DATA EXTRACT: Begin

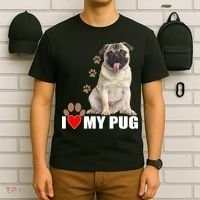 Dogs - I Love My Pug T-Shirt thumb 6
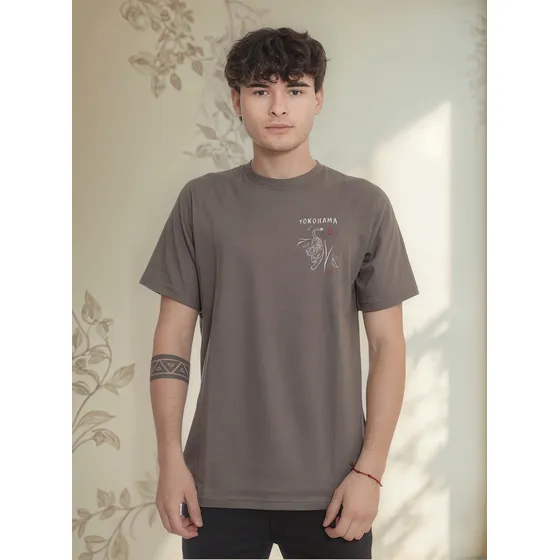 Remera Verde Musgo Estampada Algodon Hombre Exotikeo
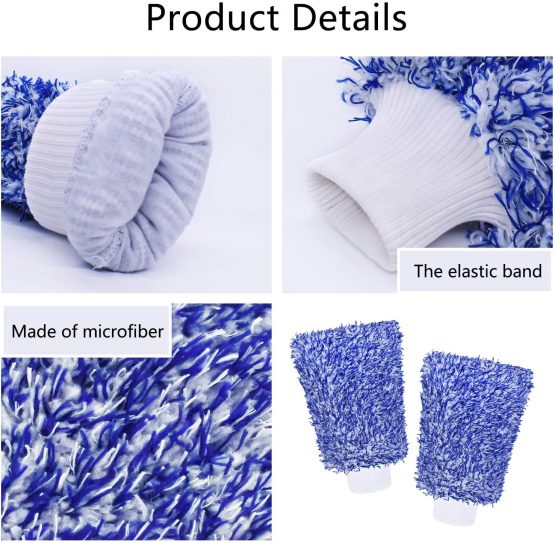 Mokani Microfiber Car Wash Mitt Cleaning Gloves Equipment Sponges, 2 Sets Professional Scratch Free Polishing Cleaning Mitts,Blue - Image 3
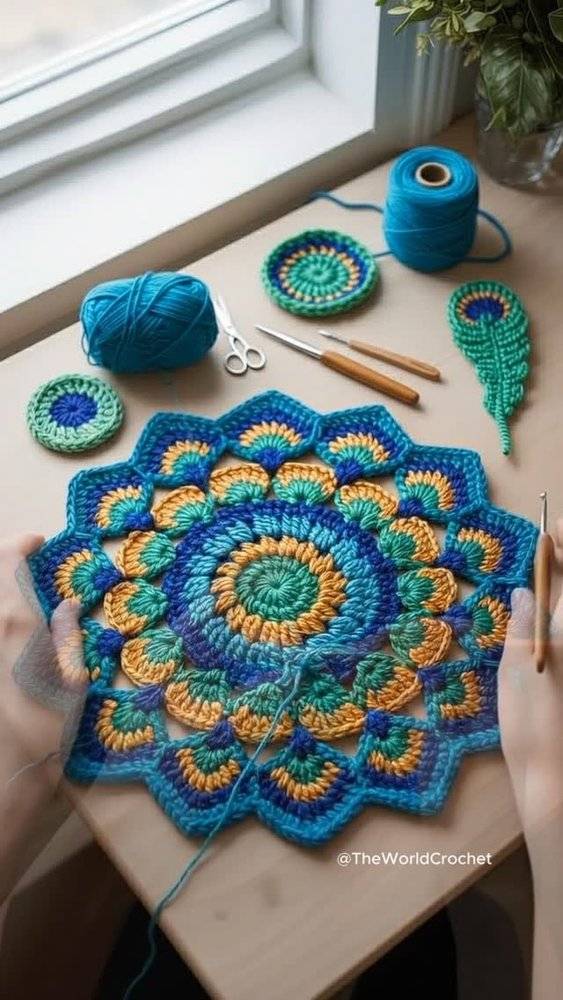 Vibrant Peacock-Inspired Crochet Mandala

DATA EXTRACT: End

■ WHAT YOU WILL DO: Output the lines above verbatim, images excluded.

■ EXERCISE ANSWER:
 Dogs - I Love My Pug T-Shirt thumb 6
 Remera Verde Musgo Estampada Algodon Hombre Exotikeo
 Mokani Microfiber Car Wash Mitt Cleaning Gloves Equipment Sponges, 2 Sets Professional Scratch Free Polishing Cleaning Mitts,Blue - Image 3
 Vibrant Peacock-Inspired Crochet Mandala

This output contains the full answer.